## Data extract
--- START ---
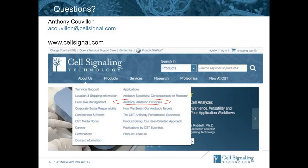Question: For antibodies that are not available, does CST welcome suggestions for antibody targets to be designed? Absolutely. We have a place on our website where you can suggest a new target, or you can contact your sales representative — they will take those suggestions to our development scientists who will then consider them.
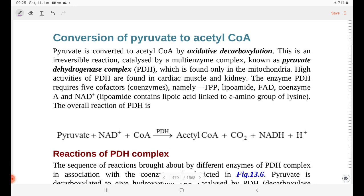Next is the conversion of pyruvate to acetyl coenzyme A. We will cover that in the next class. Thank you all.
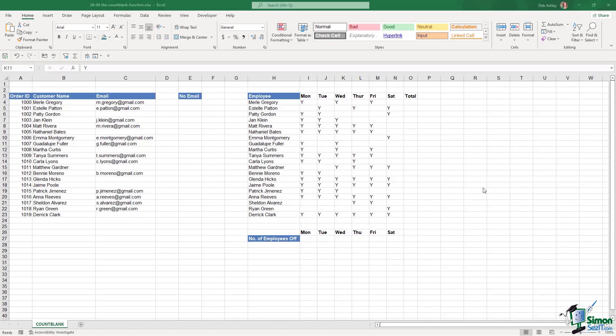COUNTBLANK is one of those formulas that pretty much does exactly what it says on the tin. It counts all blank cells in a selected range, and sometimes this can be really useful in many different scenarios. So let's take a look at how COUNTBLANK works.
--- END ---
## Task instructions
Each line of the listing above must be given again exactly; the pictures are to be left out.

## Response below
Question: For antibodies that are not available, does CST welcome suggestions for antibody targets to be designed? Absolutely. We have a place on our website where you can suggest a new target, or you can contact your sales representative — they will take those suggestions to our development scientists who will then consider them.
Next is the conversion of pyruvate to acetyl coenzyme A. We will cover that in the next class. Thank you all.
COUNTBLANK is one of those formulas that pretty much does exactly what it says on the tin. It counts all blank cells in a selected range, and sometimes this can be really useful in many different scenarios. So let's take a look at how COUNTBLANK works.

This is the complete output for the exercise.